Webster, along with the Portland, Ore., duo who made the documentary, will be taking questions following the screening at the Marquis Theater on Wednesday, Oct. 6, at 7:30 p.m.
Director Taggart Siegel — who also made PBS documentary “The Real Dirt on Farmer John” — and producer Jon Betz set out to make a movie to follow up on scientist and philosopher Rudolph Steiner’s 1923 prediction that in 80 to 100 years honeybees would be wiped out. Steiner warned that artificially breeding the bees would lead to their complete disappearance.
Some, like local beekeeper and breeder Kirk Webster, listened.
Webster has published several articles in beekeeping magazines about his work with natural queen breeding.

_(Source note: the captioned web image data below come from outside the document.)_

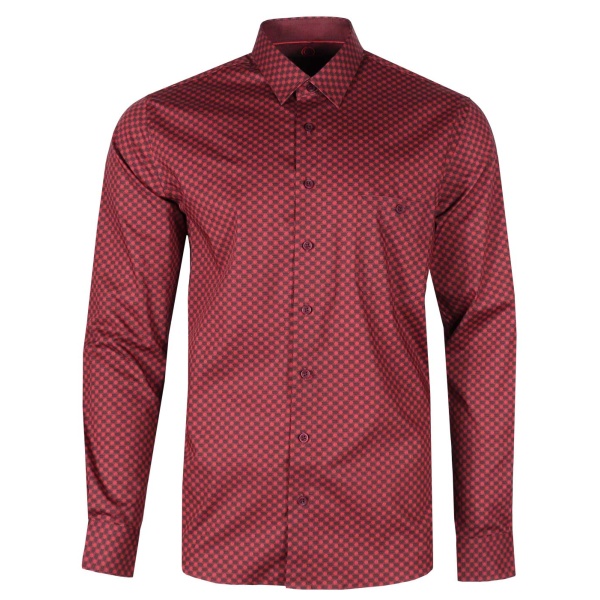 ch3716_claret_935659056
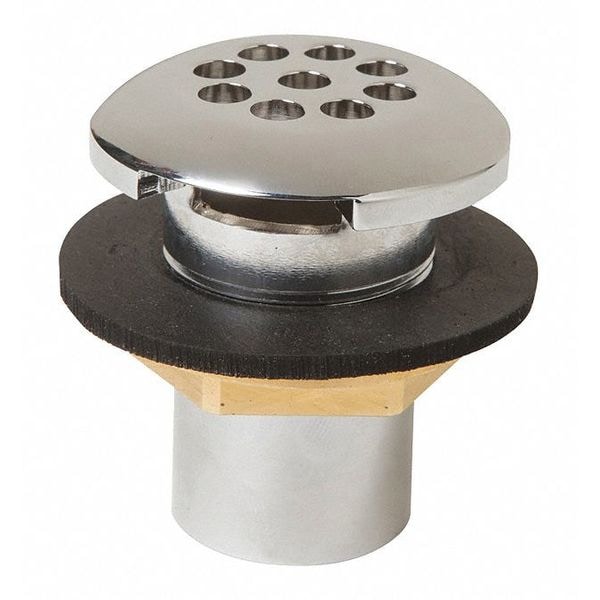 Waste Strainer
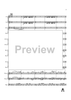 Islero - Score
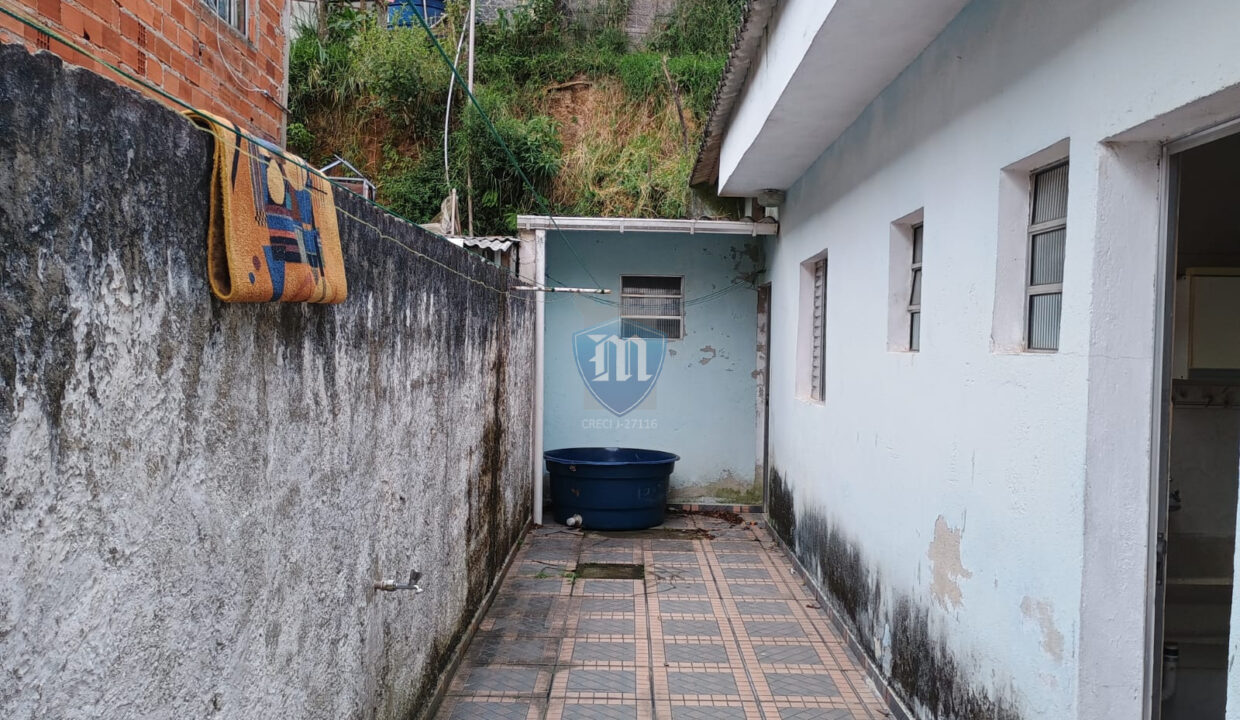 WhatsApp Image 2025-05-29 at 18.19.20 (3)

“My work is unique or almost unique in that I’ve succeeded without (chemical) treatments since 2002,” Webster said of his method that steers clear of miticides. “And that’s through a combination of breeding and routine management together.”
But methods like Webster’s, and those used by other biodynamic beekeepers featured in the film, are still on the subversive side.
“The film offers an alternative point of view,” Webster said. “I’m rather controversial in the beekeeping world right now — I’ve sort of caused a lot of commotion because the larger industries aren’t ready to accept that what I’ve been doing actually works.”
But Webster hasn’t gone looking for attention. Siegel and Betz called him up out of the blue in the summer of 2009 and asked if they could capture some footage of him and his bees in action.
“I’ve had more visibility in the bee world than I would like,” Webster said. “They did a little bit of filming, but I’m not really in much of it.”
Along with Webster, the pair interviewed national best-selling author Michael Pollan, world-famous biodynamic beekeeper Gunther Hauk, Indian activist Vandana Shiva, among several other scientists, philosophers and beekeepers from all over the world.
Though flattered to appear in a film with such luminaries, Webster hasn’t let his 15 seconds of fame go to his head.
“I’m just a beekeeper, like any other farmer in the Champlain Valley,” he said. “I’m just trying to make a living, and this is just what made the most sense for me and my business.”
The documentary weaves the interviews together with what Webster called “stunning shots” of beekeepers and their airborne associates to demonstrate just how crucial bees are to both the world’s society and ecosystem.
When Siegel and Betz decided to screen the film at the Marquis Theater, right in Webster’s backyard, they called him up once again and asked if he would be a part of the panel for the Q&A to follow the screening and offer an Addison-County perspective on the honeybee crisis. Theater owner Bill Shafer seconded the motion.
Shafer agreed in July to show “Queen of the Sun” at his theater after viewing it for himself and finding it fascinating.
“I’m no expert,” Shafer said, “Just interested. I thought it would be appropriate given the heritage and activity in the Champlain Valley — you know, it’s the land of milk and honey.”